## Task requirements
Leaving out pictures, output exactly the lines below from the one that has "A television and/or" through the one that has "Acadêmicos de Direito", and nothing else.

## Record set
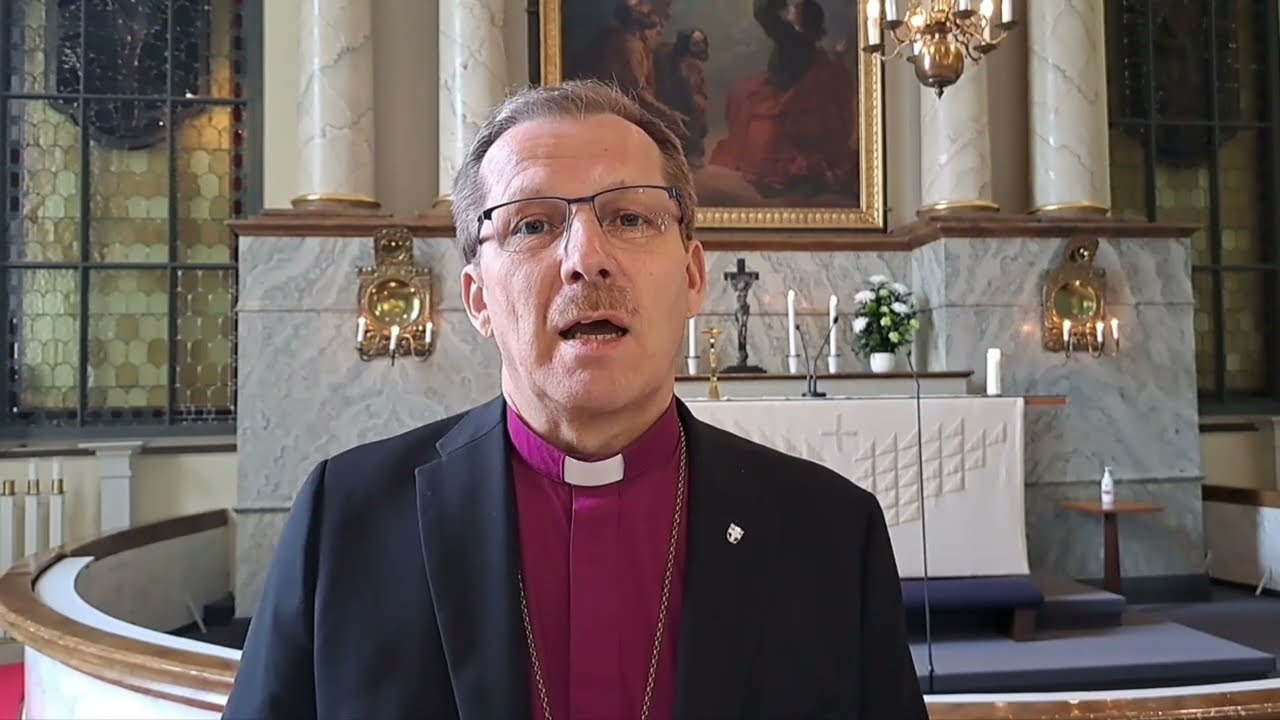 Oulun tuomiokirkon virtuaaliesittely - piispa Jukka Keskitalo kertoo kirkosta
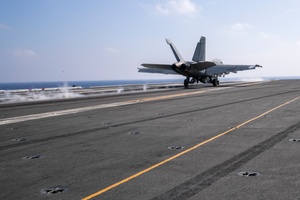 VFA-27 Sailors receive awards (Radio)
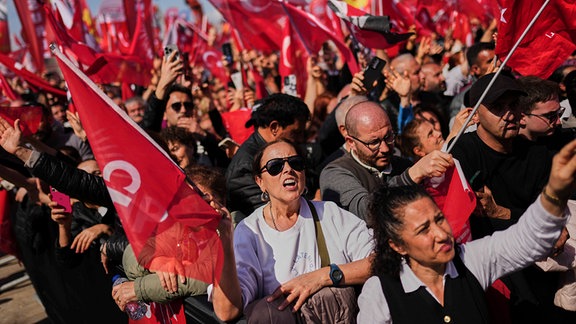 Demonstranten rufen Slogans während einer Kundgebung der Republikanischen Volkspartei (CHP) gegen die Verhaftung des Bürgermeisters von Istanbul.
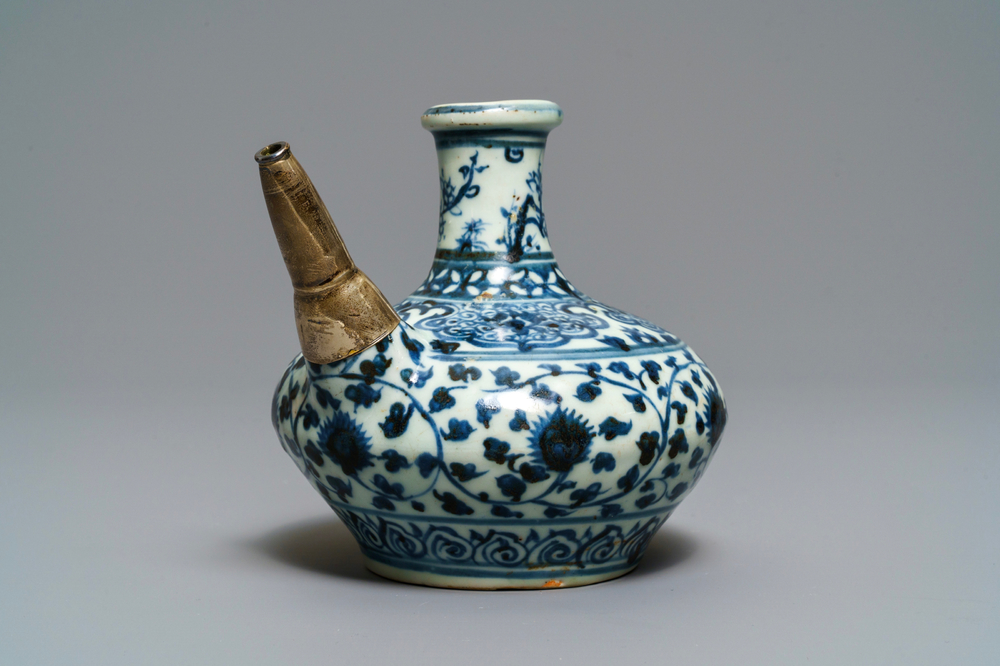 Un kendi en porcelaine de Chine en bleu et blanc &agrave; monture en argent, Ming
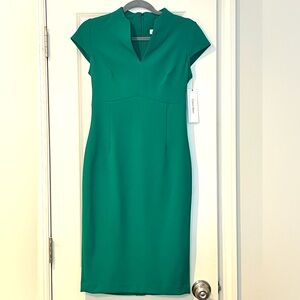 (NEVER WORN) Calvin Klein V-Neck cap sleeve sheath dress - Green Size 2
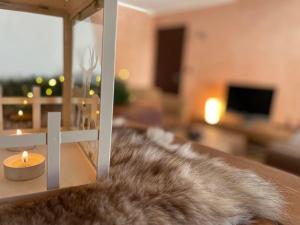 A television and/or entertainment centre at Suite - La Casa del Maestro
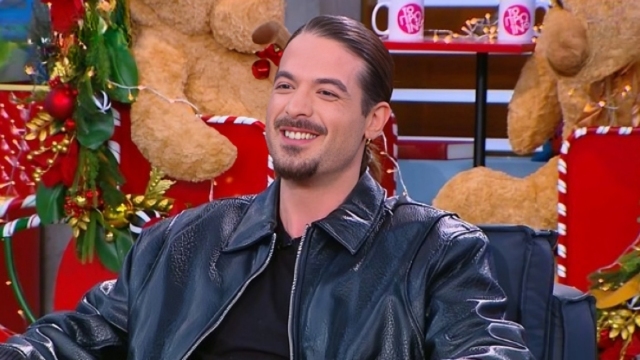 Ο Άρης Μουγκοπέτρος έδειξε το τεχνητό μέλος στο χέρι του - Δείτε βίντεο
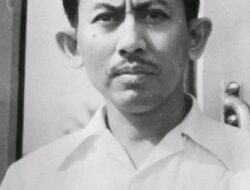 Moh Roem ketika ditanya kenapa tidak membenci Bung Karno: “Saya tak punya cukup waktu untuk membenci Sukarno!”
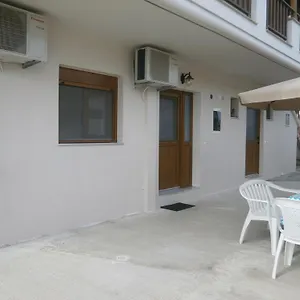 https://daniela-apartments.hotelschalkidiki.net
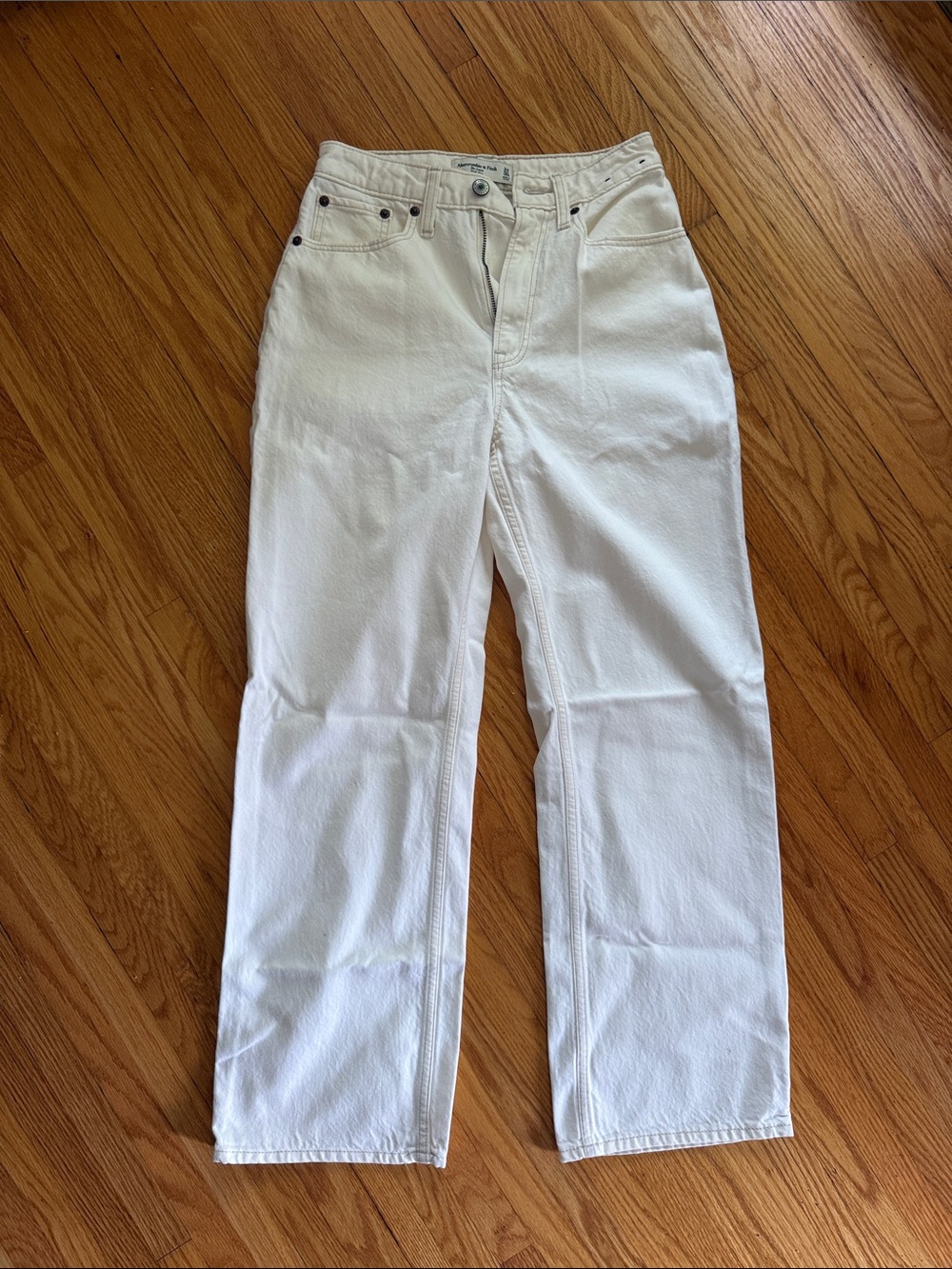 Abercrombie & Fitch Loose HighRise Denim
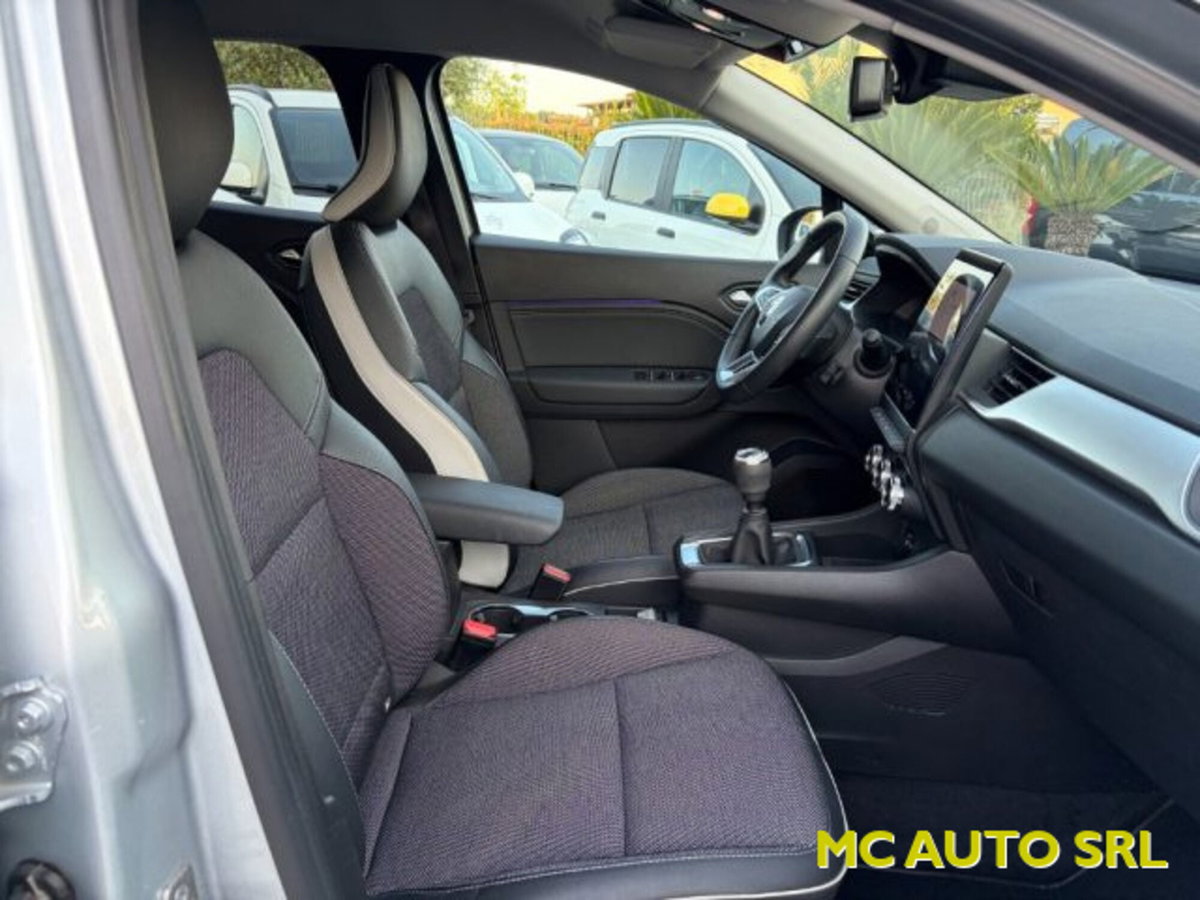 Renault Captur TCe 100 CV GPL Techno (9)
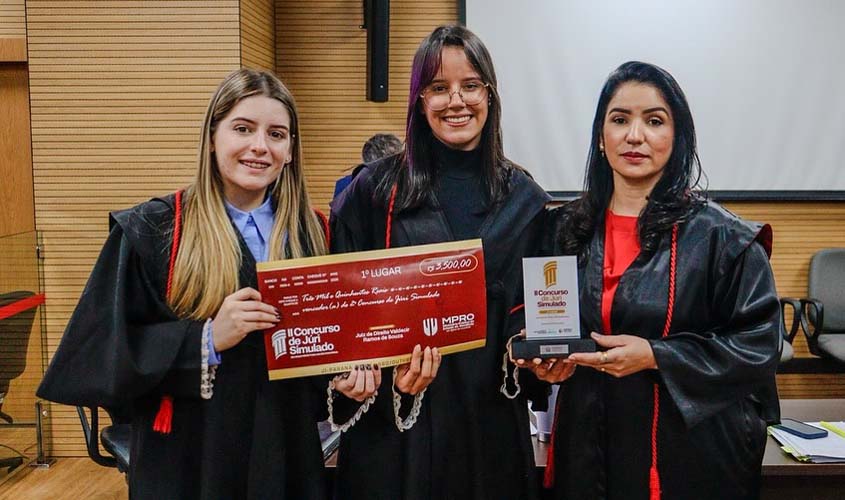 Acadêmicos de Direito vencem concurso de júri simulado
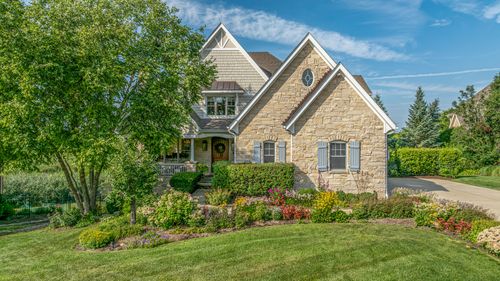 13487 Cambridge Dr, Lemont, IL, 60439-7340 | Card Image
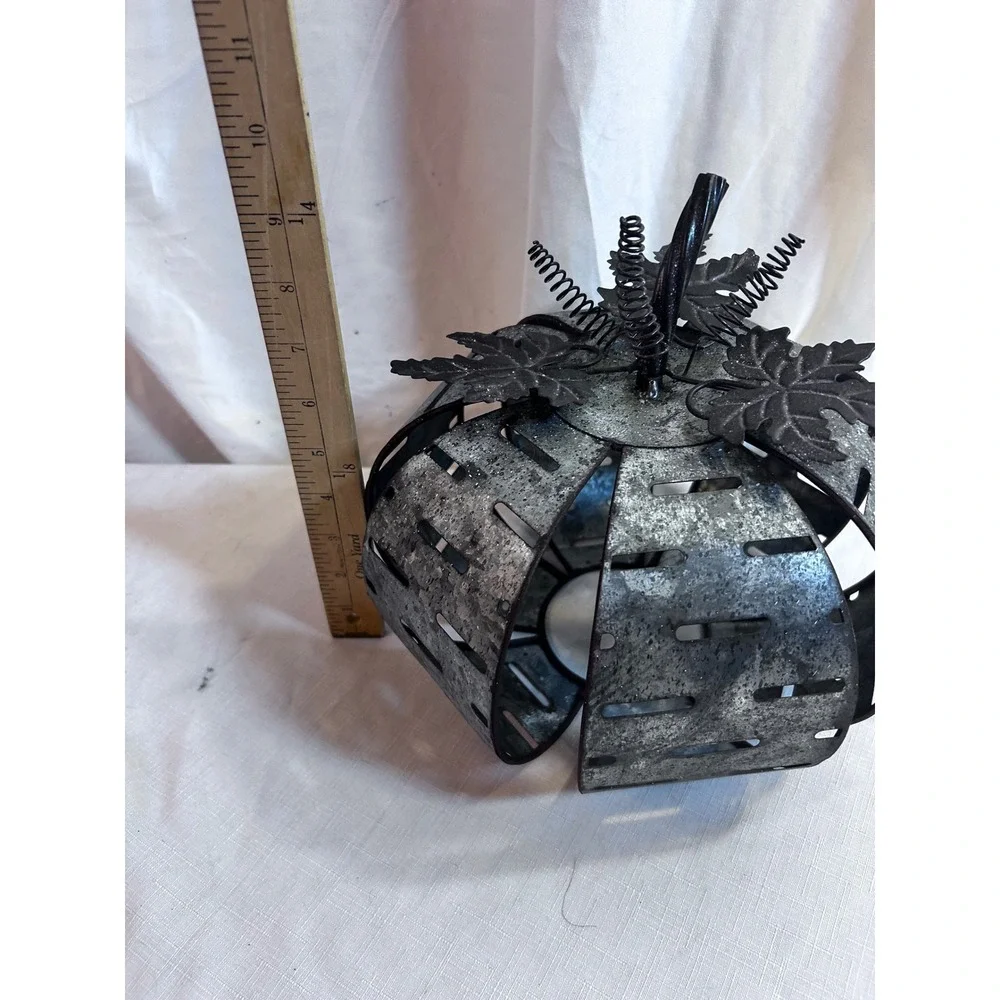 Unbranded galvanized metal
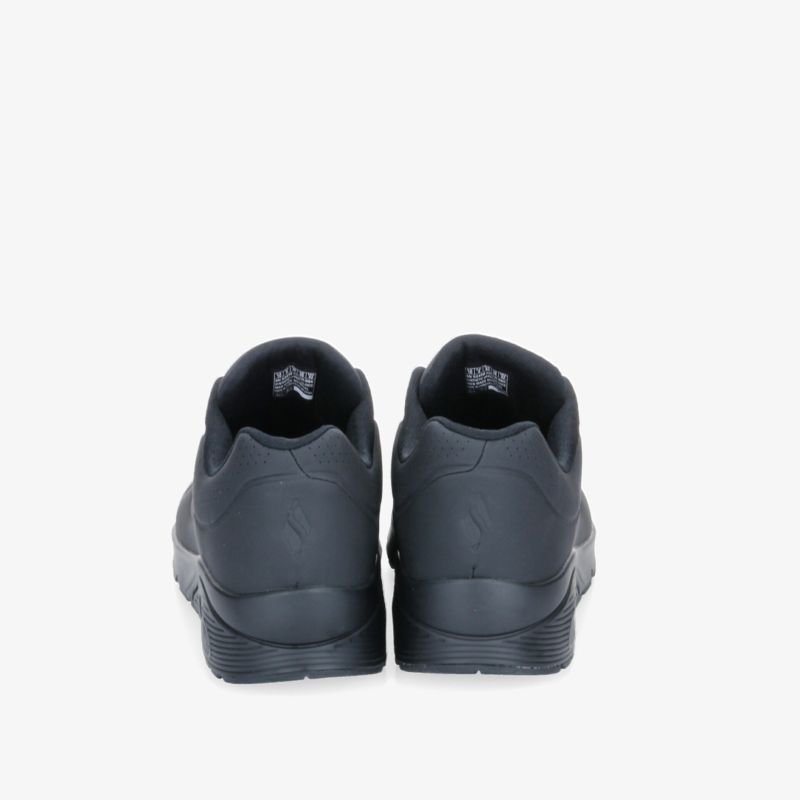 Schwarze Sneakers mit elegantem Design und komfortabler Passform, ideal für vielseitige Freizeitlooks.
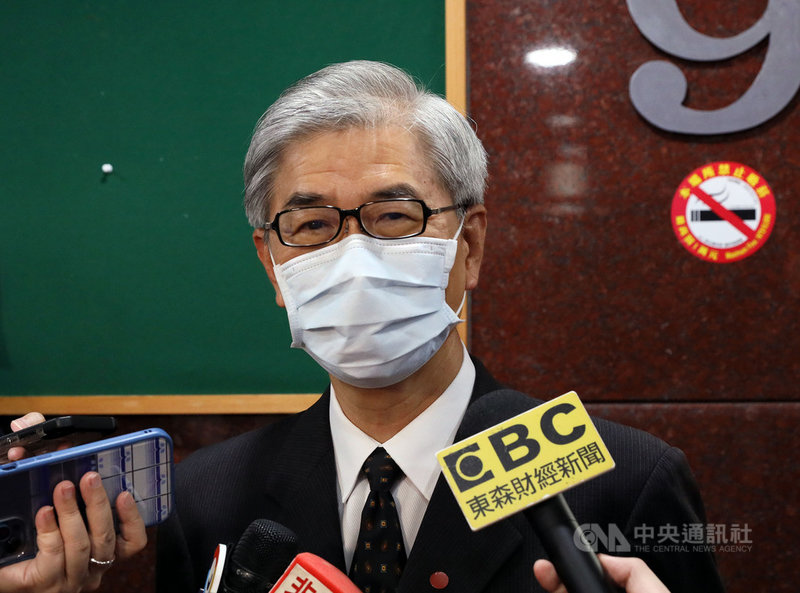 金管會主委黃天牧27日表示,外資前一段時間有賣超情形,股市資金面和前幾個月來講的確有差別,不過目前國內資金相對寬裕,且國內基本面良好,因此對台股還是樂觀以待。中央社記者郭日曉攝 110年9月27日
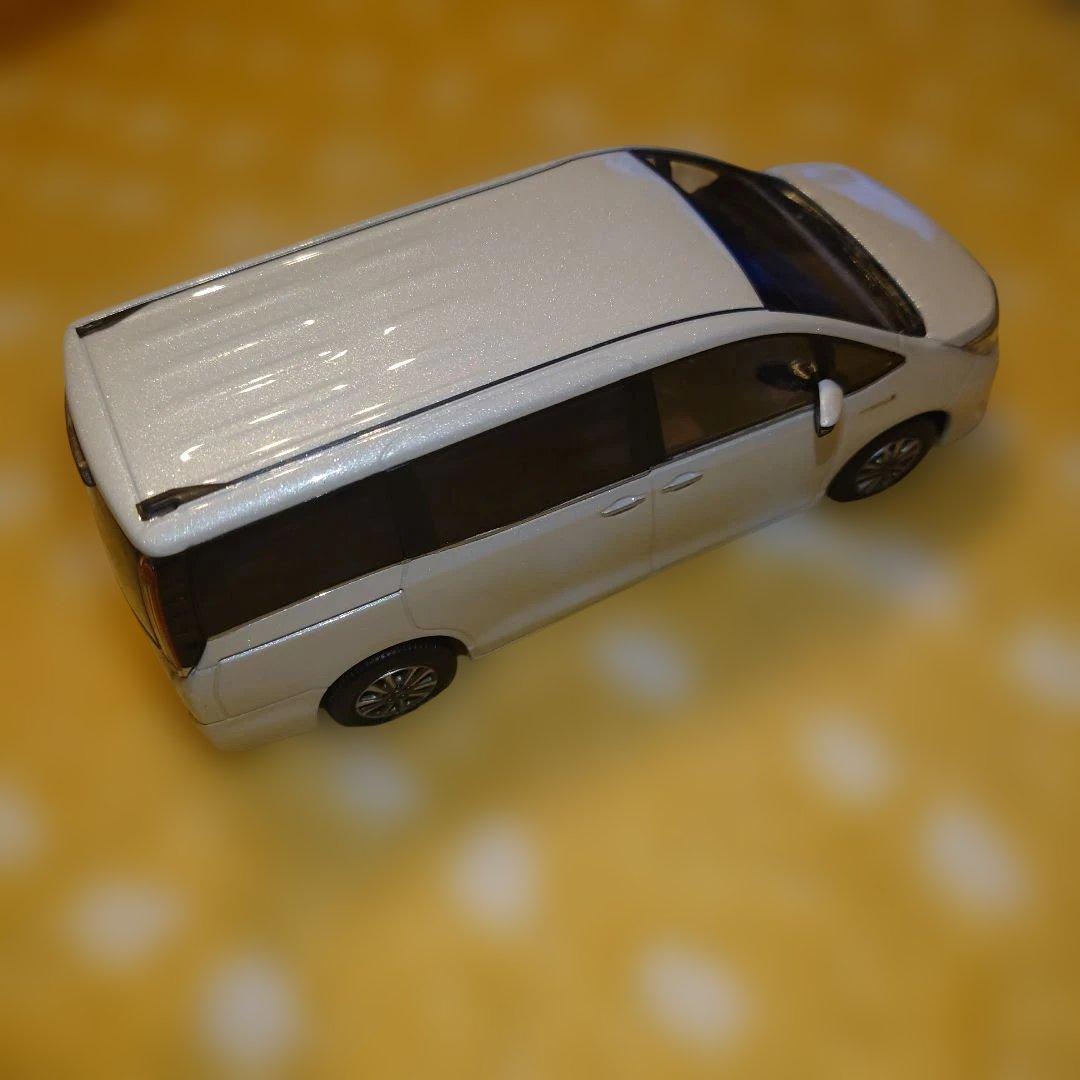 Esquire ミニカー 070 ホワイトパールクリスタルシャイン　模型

## Response box
 A television and/or entertainment centre at Suite - La Casa del Maestro
 Ο Άρης Μουγκοπέτρος έδειξε το τεχνητό μέλος στο χέρι του - Δείτε βίντεο
 Moh Roem ketika ditanya kenapa tidak membenci Bung Karno: “Saya tak punya cukup waktu untuk membenci Sukarno!”
 https://daniela-apartments.hotelschalkidiki.net
 Abercrombie & Fitch Loose HighRise Denim
 Renault Captur TCe 100 CV GPL Techno (9)
 Acadêmicos de Direito vencem concurso de júri simulado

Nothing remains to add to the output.